● Record extracts:
════

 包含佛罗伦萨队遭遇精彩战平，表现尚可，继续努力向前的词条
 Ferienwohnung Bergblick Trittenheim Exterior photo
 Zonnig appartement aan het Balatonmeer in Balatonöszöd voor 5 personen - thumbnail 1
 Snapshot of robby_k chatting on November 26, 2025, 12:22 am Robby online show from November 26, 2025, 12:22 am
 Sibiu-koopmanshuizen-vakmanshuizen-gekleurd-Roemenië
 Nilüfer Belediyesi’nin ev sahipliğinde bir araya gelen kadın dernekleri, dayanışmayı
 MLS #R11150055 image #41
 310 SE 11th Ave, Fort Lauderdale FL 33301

════

● Task requirements:
This exercise requires an exact copy of all the records.

● Response area:
 包含佛罗伦萨队遭遇精彩战平，表现尚可，继续努力向前的词条
 Ferienwohnung Bergblick Trittenheim Exterior photo
 Zonnig appartement aan het Balatonmeer in Balatonöszöd voor 5 personen - thumbnail 1
 Snapshot of robby_k chatting on November 26, 2025, 12:22 am Robby online show from November 26, 2025, 12:22 am
 Sibiu-koopmanshuizen-vakmanshuizen-gekleurd-Roemenië
 Nilüfer Belediyesi’nin ev sahipliğinde bir araya gelen kadın dernekleri, dayanışmayı
 MLS #R11150055 image #41
 310 SE 11th Ave, Fort Lauderdale FL 33301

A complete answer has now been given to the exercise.